We Should Only Hold Schools Accountable For Outcomes They Can Control

Let’s say we were trying to evaluate a teacher’s performance for this academic year, and part of that evaluation would use students’ test scores (if you object to using test scores this way, put that aside for a moment). We checked the data and reached two conclusions. First, we found that her students made fantastic progress this year. Second, we also saw that the students’ scores were still quite a bit lower than their peers’ in the district. Which measure should we use to evaluate this teacher?

Would we consider judging her even partially based on the latter – students’ average scores? Of course not. Those students made huge progress, and the only reason their absolute performance levels are relatively low is because they were low at the beginning of the year. This teacher could not control the fact that she was assigned lower-scoring students. All she can do is make sure that they improve. That’s why no teacher evaluation system places any importance on students’ absolute performance, instead focusing on growth (and, of course, non-test measures). In fact, growth models control for absolute performance (prior year’s test scores) so it doesn't bias the results.

If we would never judge teachers based on absolute performance, why are we judging schools that way? Why does virtually every school/district rating system place some emphasis – often the primary emphasis – on absolute performance?

The response to this question typically goes something like this: We need absolute performance measures (also called status measures) in accountability systems in order to set high expectations or standards for schools. This strikes me as a non-sequitur. High expectations are great, but the measures reflecting those expectations still have to be valid.

The bedrock principle of accountability is to hold people and institutions responsible for outcomes they can control. Within an accountability system, rating systems have to measure whether schools and districts are doing a good job controlling what they can control – in a test-based context, that means providing high-quality instruction to their students.

Do absolute performance measures, such as simple proficiency rates or average scores, do this?

Here’s one way to think about it (mentioned briefly in our last post): Roughly speaking, in addition to the inevitable measurement error, a school’s absolute performance level reflects a combination of two factors:

  1. Students' performance levels upon entry into the school;
  2. Their improvement while attending the school.
Schools cannot control the former (which students they serve). It varies widely, and schools only serve students for a few years at most. They can, however, control the latter (whether students improve while enrolled).
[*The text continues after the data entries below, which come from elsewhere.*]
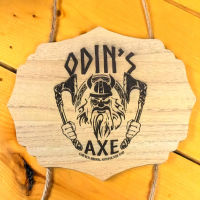 Odin's Axe ltd. logo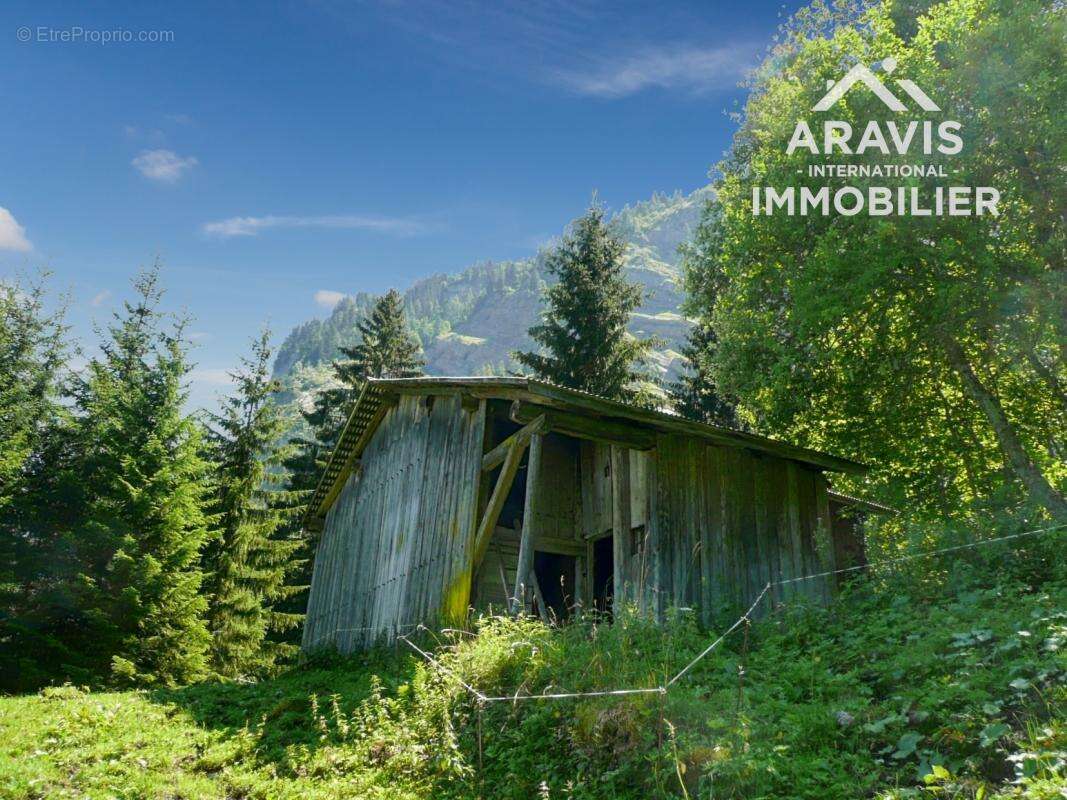 Maison à SIXT-FER-A-CHEVAL
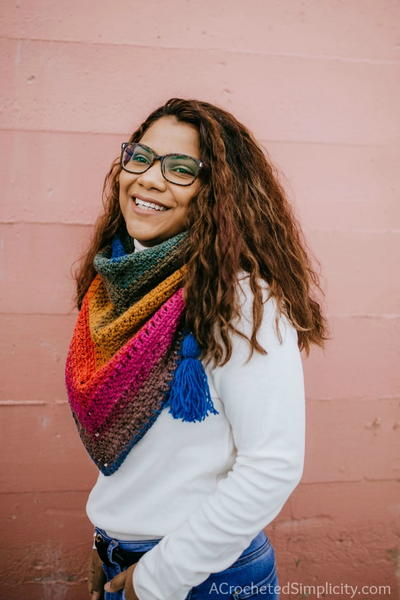 Chimera Scarf Shawl Chimera Scarf & Shawl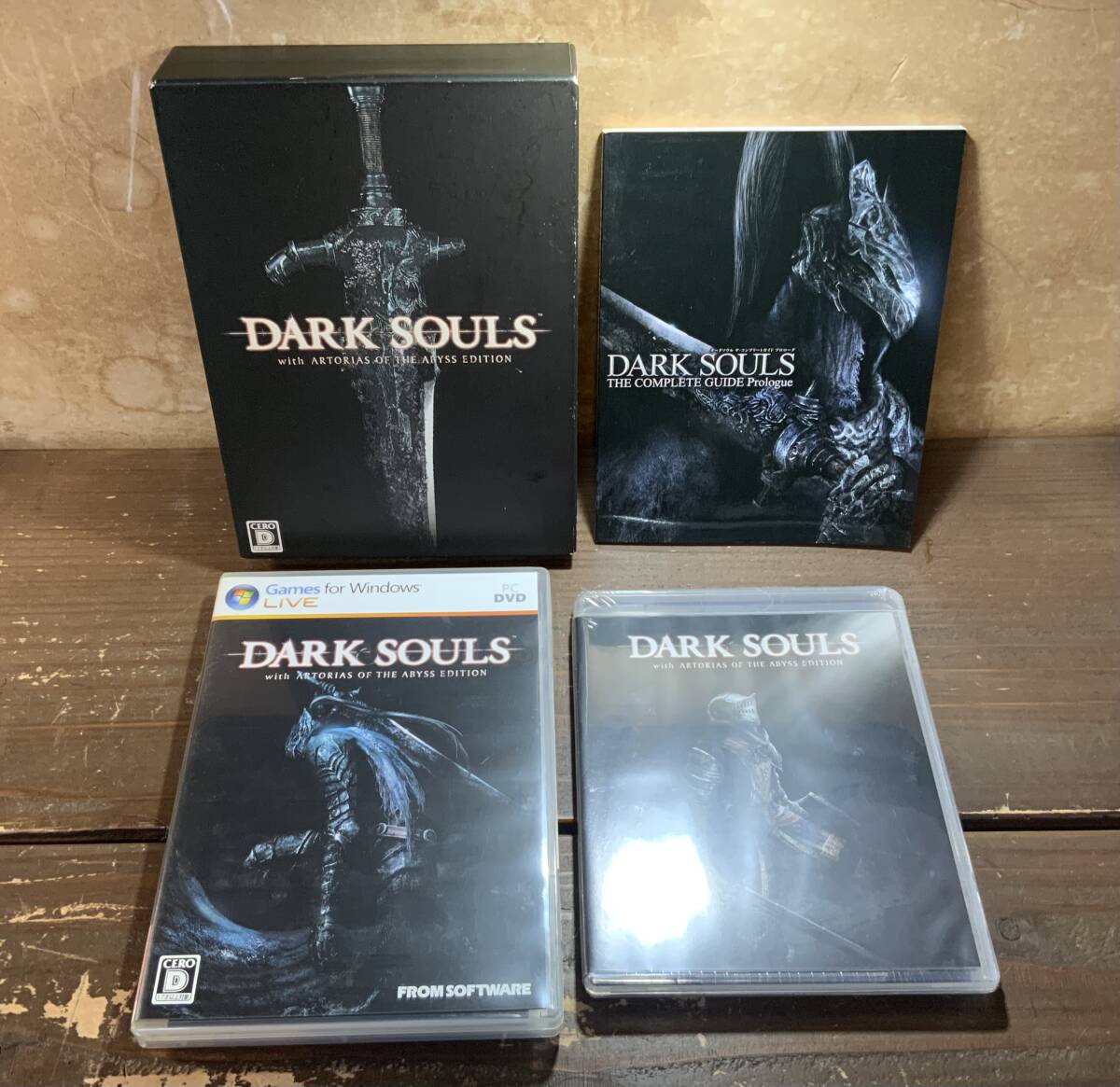 DARK SOULS Games for Windows LIVE【3-63】
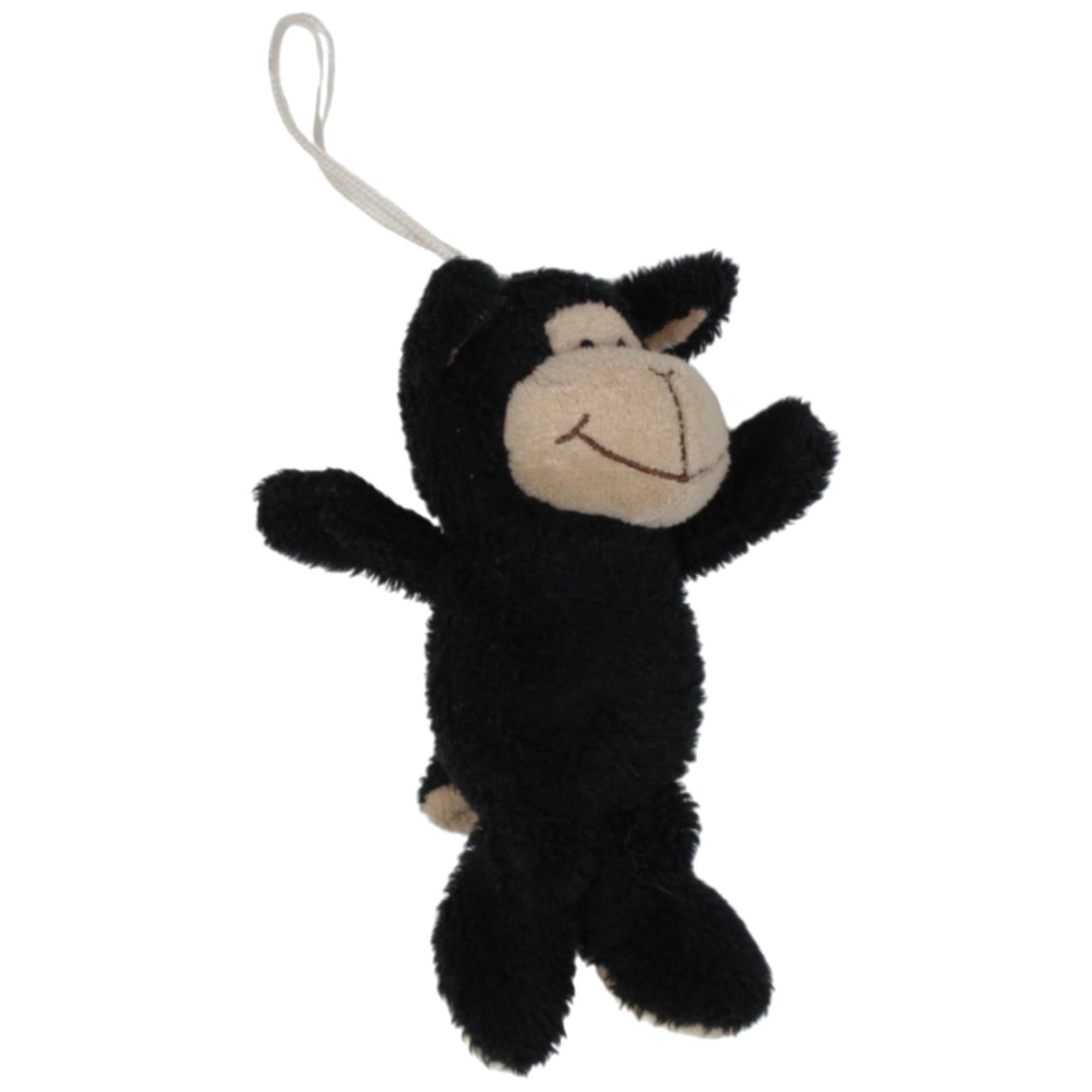 123000019030 Ferrero Kinder, Schaf Lukas Locke Schlüsselanhänger Kumpel Leo 14cm Beige ebay - taschen - rucksaecke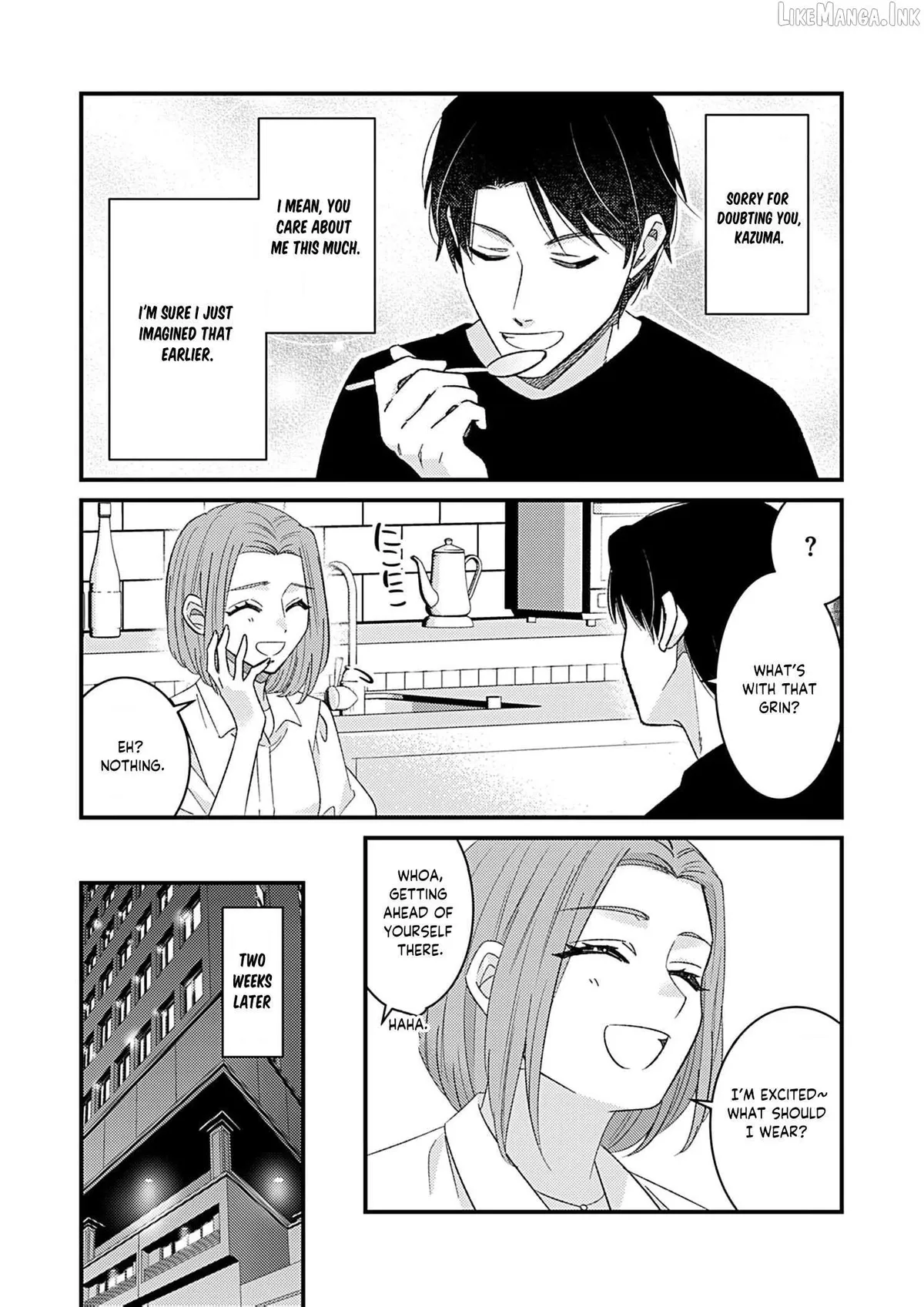 The Best Revenge Against My Husband Who Pretended to Atone Chapter 1 page 21 -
So, why not just use the latter – growth – directly? Why would we hold schools accountable for an outcome that is largely out of their hands, when we have the option of isolating (at least approximately) the portion that they actually can control?

This is less a matter of fairness than one of good policy. The most effective schools – those that, year after year, produce large testing gains among their students – might be closed or subject to punishments simply because they happen to serve students who were lower-scoring upon entry. And, making things worse, they’re unlikely to be replaced by a superior alternative. That’s a poor outcome, and it cuts both ways: Schools that provide poor instruction to their students may be given a pass because their students were higher-scoring from the outset.

Yet that’s exactly what almost all of these school rating systems are doing. It would be one thing if absolute performance measures counted for only a very small proportion of school ratings (though I personally would still question it). But, with relatively few exceptions, some form of average scores or rates are at least a major, and often the primary, component.*

If we’re going to use testing data to gauge whether schools provide high-quality instruction, the proper way to do so is to use growth measures. Granted, isolating school effects is more difficult, and even the best growth measures are not without drawbacks – e.g., they are imprecise and unstable over time. However, done correctly – using high-quality models and, even better, multiple years of data on a rolling basis – the measures can provide some signal of schools’ test-based effectiveness, overall and perhaps by subgroup as well.

Ratings systems that use these estimates combined with non-test measures (e.g., surveys) can help assess what we need them to assess – the quality of education schools provide. And they can do so in a manner that reflects high expectations for improvement. This is what we do for teachers, and the same should go for schools.

One final, very important note: This does not mean absolute performance measures are useless for school-based policy. Far from it. For example, they should be used to direct resources or (non-punitive) interventions at the schools with relatively low scores. In these instances, the scores are interpreted properly – as measures of student, not school performance – and the manner in which they’re used reflects the fact that individual schools have limited control over the students they serve, but that we as a nation have a responsibility to see that the students attending those schools are given the opportunity to achieve at the highest levels, regardless of their backgrounds.**

- Matt Di Carlo


* It's worth noting that the same basic argument applies to other measures one finds in many states' rating systems, even though, on the surface, they do not appear to be absolute performance metrics in the "traditional" sense. In a couple of cases, growth measures are so poorly constructed that they are heavily biased by absolute performance (see here, for instance). In addition, a bunch of states are rating schools based in part on the size of their race- and income-based achievement gaps. As is the case with average scores across all students, these gaps reflect the distribution of students across schools. The alternative - one that maintains the laudable focus on subgroups - would be to overweight growth estimates for certain sub-samples (e.g., free/reduced lunch-eligible students).

** I have also pointed out previously that absolute performance measures might be useful in assessing schools outside of a formal state accountability system. For example, average scores or rates might help parents choose schools precisely because they reflect student performance - parents have an interest in their children attending schools with higher-performing peers.